Danielle Martinigol, une auteure de science-fiction en résidence à l'Atelier Arts-Sciences

Publié par Marion Sabourdy, le 6 janvier 2017   1.6k

Xl cantoria manchu

L’énergie : c’est le thème de plusieurs résidences d’artistes encadrées récemment par l’Atelier Arts-Sciences, dont celle de l’auteure de science-fiction Danielle Martinigol. Après une visite du Laboratoire d'Innovation pour les Technologies des Energies Nouvelles et les nanomatériaux (Liten) du CEA, elle a proposé le texte Chaleur fatale « imaginant un monde futuriste où nos rapports à l’énergie et aux ressources se retrouvent métamorphosés, désormais régis par un système dominateur ultra-puissant qui réinvente les mécanismes de production, stockage, consommation et partage de l’énergie ». Nous vous proposons une interview de l’auteure, dont le texte, disponible ici a été lu lors du dernier salon Experimenta.

Était-ce votre première résidence d’écriture avec des scientifiques ? Pour quelles raisons avez-vous souhaité y participer ?

J’ai eu souvent l’occasion d’approcher des scientifiques, en particulier des astronomes, dans ma vie d’auteur. Mais collaborer aussi étroitement avec eux, c’était la première fois. La demande n’est pas venue de moi mais de l’Atelier Arts Sciences qui m’a contactée suite à la lecture par quelqu’un du CEA de mon roman Cantoria où toute l’énergie d’une planète est produite par la voix de chanteurs. J’ai tout de suite été enthousiasmée à l’idée de cette résidence d’écriture.

Cantoria, édité chez L'Atalante (voir ici)

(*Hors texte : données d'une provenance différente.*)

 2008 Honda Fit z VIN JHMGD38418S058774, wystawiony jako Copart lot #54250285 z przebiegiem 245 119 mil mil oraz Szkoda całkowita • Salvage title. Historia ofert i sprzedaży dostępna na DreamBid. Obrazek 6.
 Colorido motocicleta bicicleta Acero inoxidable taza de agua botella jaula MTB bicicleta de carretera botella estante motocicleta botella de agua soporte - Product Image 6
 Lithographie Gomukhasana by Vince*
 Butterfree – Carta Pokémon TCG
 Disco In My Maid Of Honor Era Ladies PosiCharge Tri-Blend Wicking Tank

Comment s’est passée cette résidence ?

Dans un premier temps j’ai participé à une réunion préparatoire à la résidence où il s’agissait de réfléchir en commun à la notion d’imaginaire positif des usagers autour des énergies alternatives. Cette première journée de brainstorming s’est achevée par un questionnement sur ce que chacun pouvait apporter comme pierre à l’édifice. J’ai proposé d’écrire une nouvelle. L’idée a plu. Ensuite j’ai rencontré les responsables des différents départements des énergies renouvelables du CEA à Grenoble et de l’INES à Chambéry. Ceci pendant trois jours. Une immersion passionnante.

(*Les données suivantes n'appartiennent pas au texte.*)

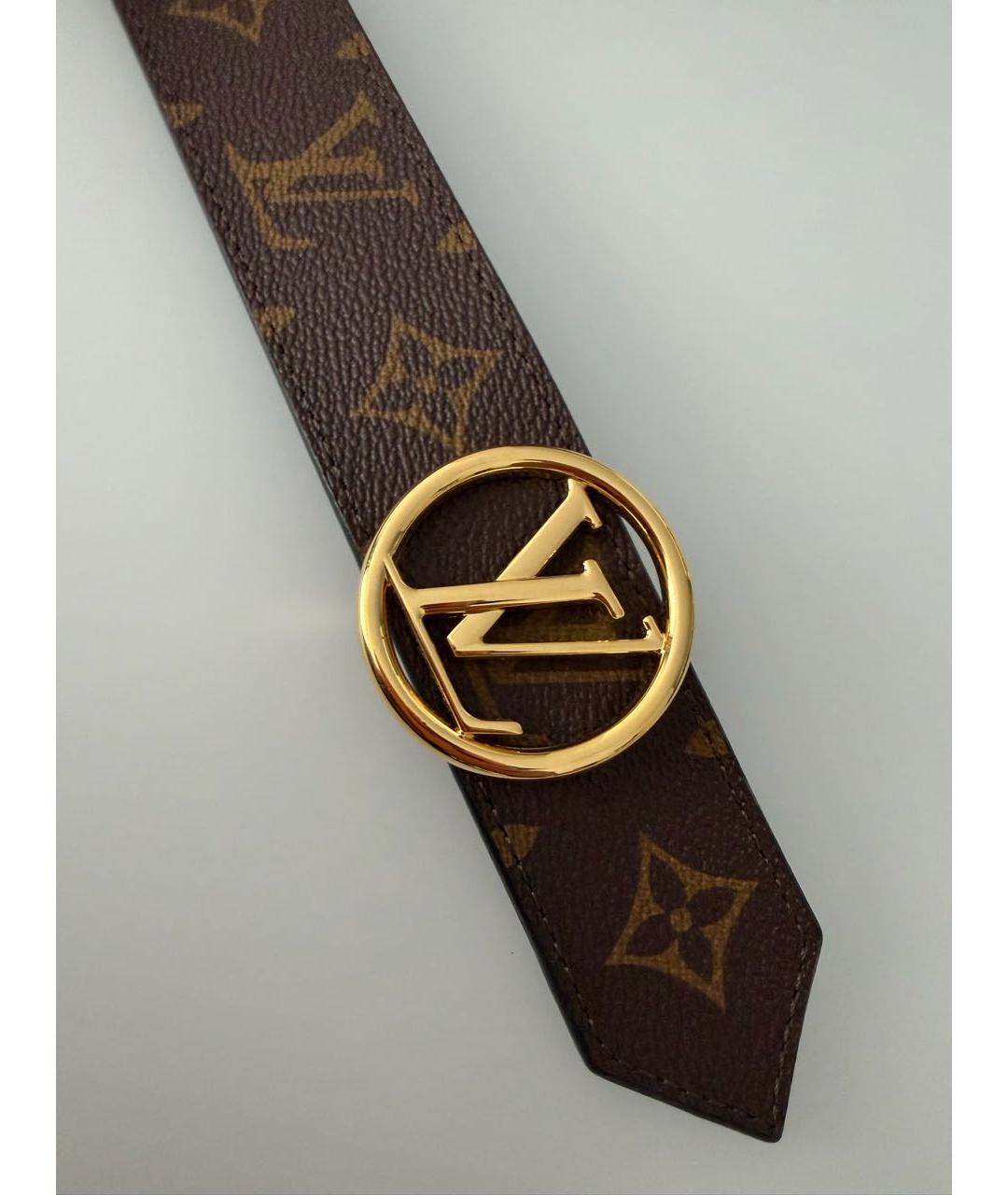 LOUIS VUITTON Коричневый ремень, фото 8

Comment avez-vous écrit cette nouvelle ? Comment vous est venue l’idée de ce monde et des personnages ?

J’ai digéré en quelque sorte mes visites dans les laboratoires pendant deux bons mois. Et puis un jour l’idée m’est venue de créer une planète colonisée par des Terriens à la surface de laquelle je pourrais montrer deux continents très différents. L’un, livré clef en mains aux colons aisés débarquant de la Terre de la manière la plus officielle. C’est le continent Detel, (pour dentelle) formé de milliers d’îles aux décors idylliques. L’autre continent de Terévoa ("Terre à évolution aménagée") est un immense désert hostile où arrivent des migrants de l’espace qui ont tout perdu en fuyant la Terre mourante. J’ai appelé ce continent Ameur (pour hammer, le marteau en anglais). Une fois le décor créé, les personnages sont nés facilement et je les ai fait évoluer comme une marionnettiste. Chaleur fatale a été écrite en un mois. Il faut que je précise que ma contrainte était qu’elle soit lisible aussi bien par des enfants de CM2 que des adultes.

L'intégrale des Abîmes d'Autremer, à paraître aux Editions ActuSF le 19 janvier 2017 (voir ici)

Est-ce vous qui avez choisi ce thème de l’énergie ? Quelle place avez-vous donné à ce thème et à l’écologie dans votre œuvre ?

L’énergie était le thème de la résidence. Mais il me convenait parfaitement puisque je m’y étais déjà longuement consacrée en écrivant Cantoria (publié aux éditions L’Atalante). L’écologie a toujours été au centre de mes romans. L’eau, les déchets, les OGM… j’ai traité beaucoup de sujets où l’équilibre du biotope est la préoccupation essentielle de mes héros. Pour moi, la seule chose importante sur Terre, c’est de protéger la Terre. Elle est petite, fragile, et nous n’avons aucune porte de sortie pour aller vivre ailleurs. Je dis souvent à mes lecteurs que nous sommes à bord d’un vaisseau spatial sans issue de secours. Si tel était vraiment le cas, l’équipage ferait très attention à ce qu’il fait, n’est-ce pas ? Nous sommes cet équipage.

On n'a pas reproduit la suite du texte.